The main change is in the qualifications to be a candidate for the National Assembly and the National Council elections. In addition to the existing rules of being at least 25 years of age and having a minimum of a Bachelors Degree, candidates have to have served in office in the public or private sector with exemplary conduct and performance for five years for the NA and 10 years for the NC. It means there will be no “inexperienced” NA member.
With a view to further strengthen the reviewing process, provisions to institute an Independent Evaluation Committee (IEC) were included in the Rules on Elections Conduct in the Kingdom of Bhutan, 2022. In keeping with the new rules, the party manifesto and campaign pledges shall be subjected to an evaluation by IEC. The evaluation process carried out by IEC will ensure that unrealistic or unreasonable parties’ manifestos and campaign pledges are strictly addressed. While there are critics on this, a local paper reported that the ECB, will not question their pledges, but will scrutinize if there are pledges that would be sensitive or against national interest and wayward promises that would attract interest of voters, but not achievable.
Postal ballots are another area. Unlike the 2018 elections, the ECB as of now has not said anything about facilitation booths. Moreover, postal ballots are provided to a selected few. During the NC elections, Bhutanese working abroad but not studying were not given postal ballot facilities. Similarly, there are several people including those working in the private sector who cannot avail postal ballot facilities.
This, people say will lead to fewer voters as everyone will not be able to go to their constituencies to vote, especially because of economic reasons. Additionally, people say it leads to electoral corruption as some parties can ferry supporters to vote, while others cannot. The question of a fair election arises here.
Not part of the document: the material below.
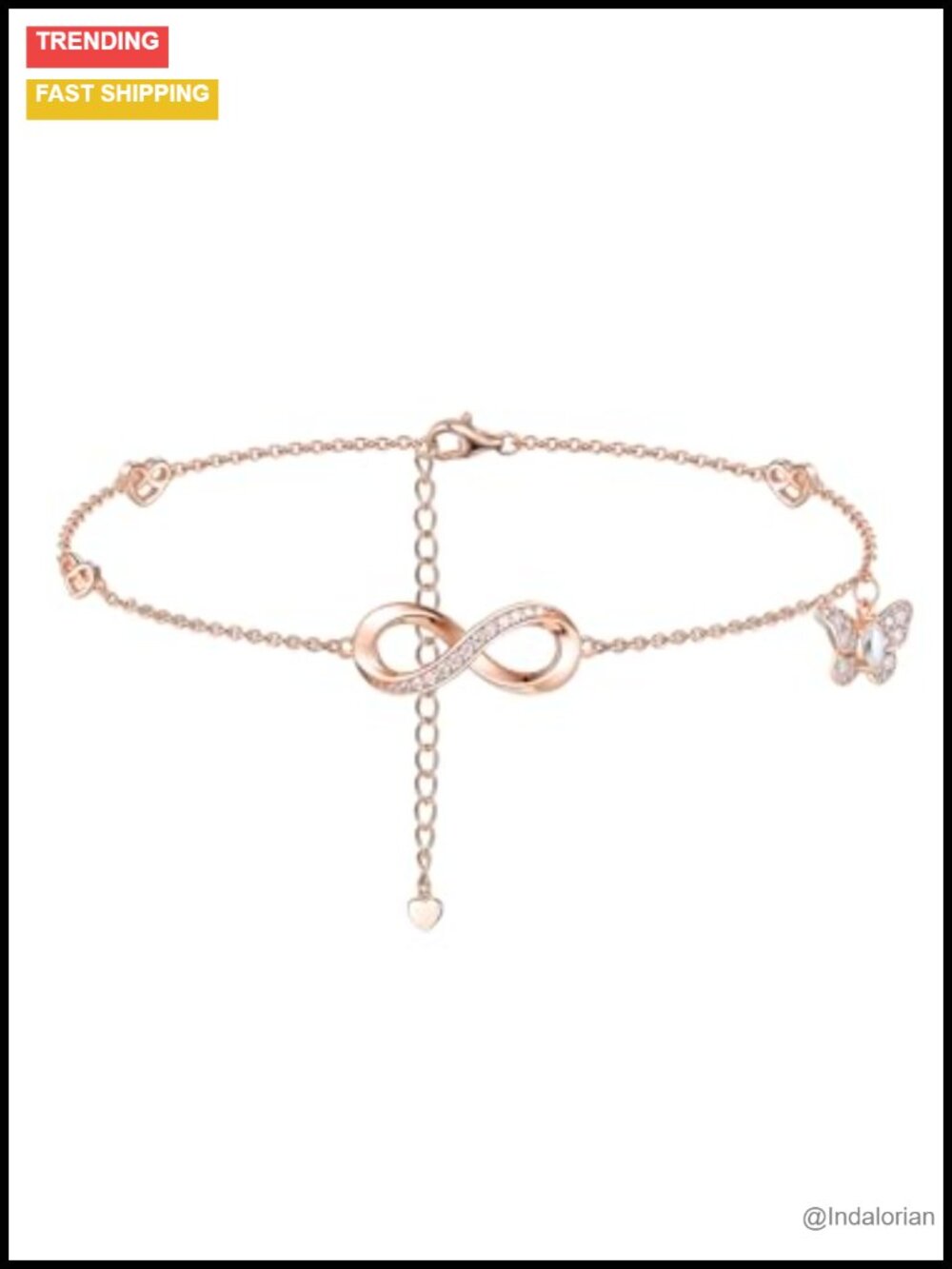 Moissanite Infinity Anklet 925 Sterling Silver Rose Gold Plated Hypoallergenic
The ECB also had to remind all political parties to strictly comply with the electoral laws and to avoid political campaigning during their familiarisation visits. In its letters to the presidents of political parties, the chief election commissioner stated that the commission would take stern action against a political party if it is established that the party has engaged in campaigning during the non-election period or violated the electoral laws.
The letter stated that political parties are gearing up for their activities to contest the historic fourth National Assembly elections. To ensure free, fair, and transparent elections, the ECB allowed political parties to carry out familiarisation visits and public consultation meetings based on their written applications.
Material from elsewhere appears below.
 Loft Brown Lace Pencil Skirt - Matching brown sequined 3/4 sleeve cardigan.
Amidst the preparations, according to the letter, several reports are emerging on various social media platforms and at public gatherings that political parties are campaigning and violating electoral laws during their familiarization visits and consultation meetings.
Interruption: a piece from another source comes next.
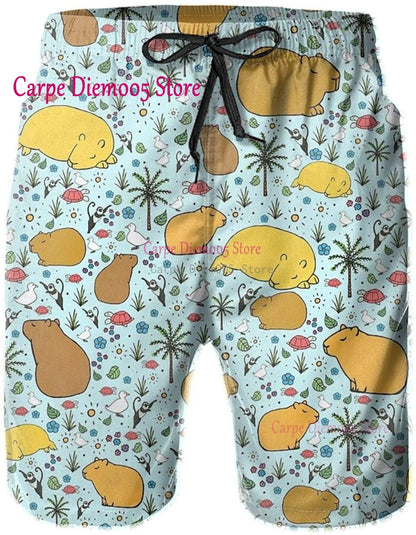 Men Summer Casual Beach Shorts Capybaras For Men Quick Dry Mens Drawstring Waist Surf Swimming Shorts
On the other side, political parties said that the ECB says action would be taken only with relevant evidence and proof, which no one either seemed to have or did not want to complain. Questions were also asked about the thin line between familiarization, consultation, and campaign.
Voters are perplexed, too. There are several people who have relatives in different political parties. They do not know who to vote for. Similarly, there are gewogs from where all five political have candidates, who face the same problem.
Though hate speech and personal attacks have not yet appeared on social media vividly, it seems to be gaining ground. In a social media platform, the finance minister (FM) is heard explaining the claims of a political party saying they have already mobilized funds for development if they get the people’s mandate in the elections, is untrue. The FM is heard saying it is against the electoral laws.
But one point is crystal clear. Any party that comes to power and forms the government has a massive challenge – to bring the economy on the tracks. Further, the country is undergoing transformation in many spheres and the country needs a party that can deliver. We do not know which party would be the most capable. We also do not know who the people will vote for.